Сайт подключен к системе Orphus. Если Вы увидели ошибку и хотите, чтобы она была устранена, выделите соответствующий фрагмент текста и нажмите Ctrl+Enter. |
Новгородова Э.А.
|
||
Назад |
Глава I.
|
Одним из первооткрывателей наскальных изображений Монголии следует считать русского ученого Н.М. Ядринцева. В 1889 г. в долине р. Орхон, в 50 км к северу от развалин Каракорума, в местности Кошо-Цайдам, им была обнаружена каменная стела с двуязычной надписью в честь древнетюркского принца Кюль-тегина. В верхней части стелы был выбит тамгообразный силуэт горного козла. Именно это изображение, четко датированное древнетюркским временем, стало опорой для датировки большой серии аналогичных петроглифов Тувы, Монголии, Южной Сибири.

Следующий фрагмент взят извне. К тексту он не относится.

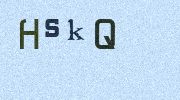 Visual Confirmation Security Code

В 1891 г. Российской Академией наук была направлена экспедиция под руководством акад. В.В. Радлова для изучения археологических памятников Орхонской долины. В числе прочих памятников экспедиция обнаружила изображения животных на камнях и отдельные каменные плиты, украшенные реалистическими изображениями оленей, на реках Нарийн и Горигийн при впадении их в Орхон и Селенгу соответственно. Через год В.В. Радловым был опубликован атлас, в который вошли тамгообразные знаки и рисунки на скалах и на тюркских стелах долины Орхона [Радлов, 1892].

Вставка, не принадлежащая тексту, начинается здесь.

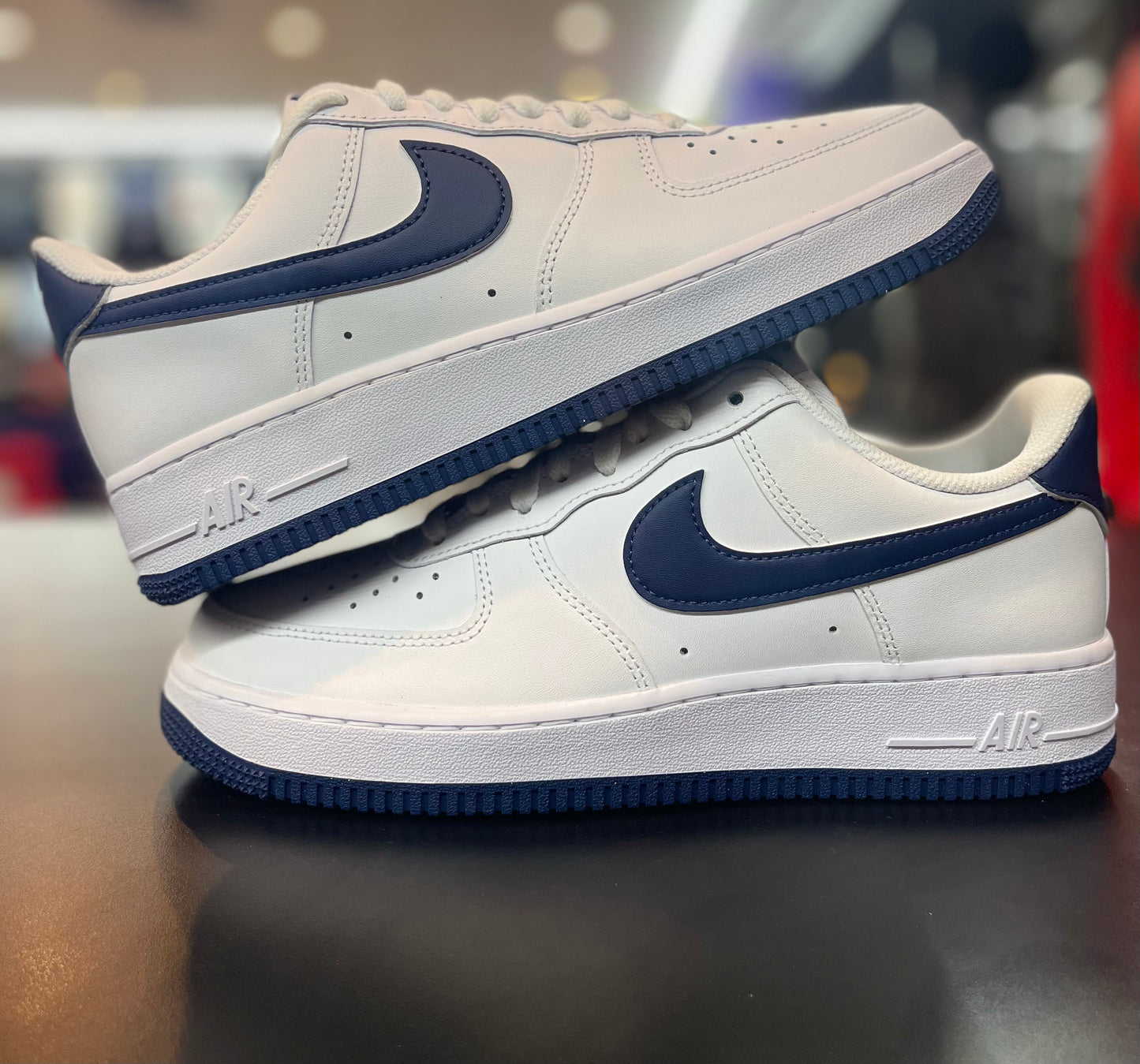 Nike Air Force 1 Low “White Midnight Navy”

Продолжая свои исследования Монголии, Н.М. Ядринцев в 1891 г. открыл разнообразные петроглифы на гранитных массивах Улан-хада на р. Толе [Ядринцев, 1892, с. 11-12]. Эти рисунки были вторично осмотрены в 1925 г. Г.И. Боровкой, который выделил две различные по типу и времени группы изображений [Боровка, 1927, с. 80]. Экспедицией Г.И. Боровки были обнаружены также рисунки в трех местах горного кряжа Ихэ-Алык и большая группа изображений на горе Дурбульджин на правом берегу р. Толы, примерно в 140 км к юго-западу от Улан-Батора.

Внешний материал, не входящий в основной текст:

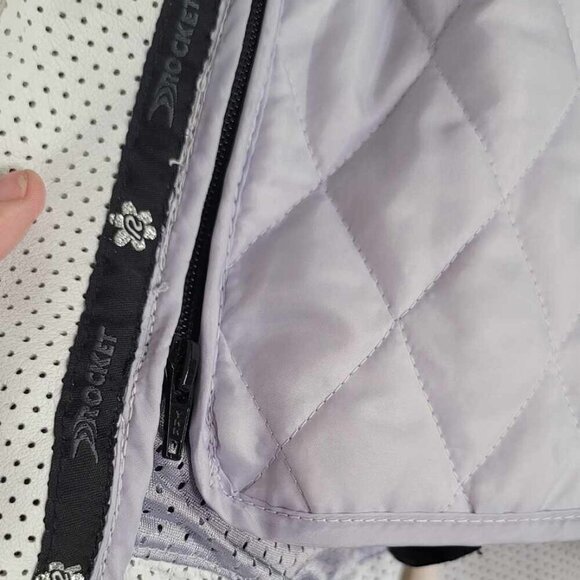 Joe Rocket white leather Elbow motorcycle jacket. EUC. Only worn a few times. - Picture 9 of 15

В 1948—1949 гг. в МНР работала историко-культурная экспедиция под руководством С.В. Киселева. В Кобдо сомоне (7/8) Увэр-Хангайского аймака, примерно в 5-6 км от горы Гурбан-сайхан-ула, экспедицией были открыты изображения козлов, змей и людей, а в местности Гачурт, в 30 км на северо-восток от Улан-Батора, на р. Толе, обнаружены рисунки охрой: фигурки людей, лошадей и птиц [Дорж, 1963, с. 10]. Кроме того, начальником этнографического отряда той же экспедиции К.В. Вяткиной были найдены изображения горных козлов на небольшой скале в 1,5 км от горы Шунхалай, напротив курорта Худжиртэ.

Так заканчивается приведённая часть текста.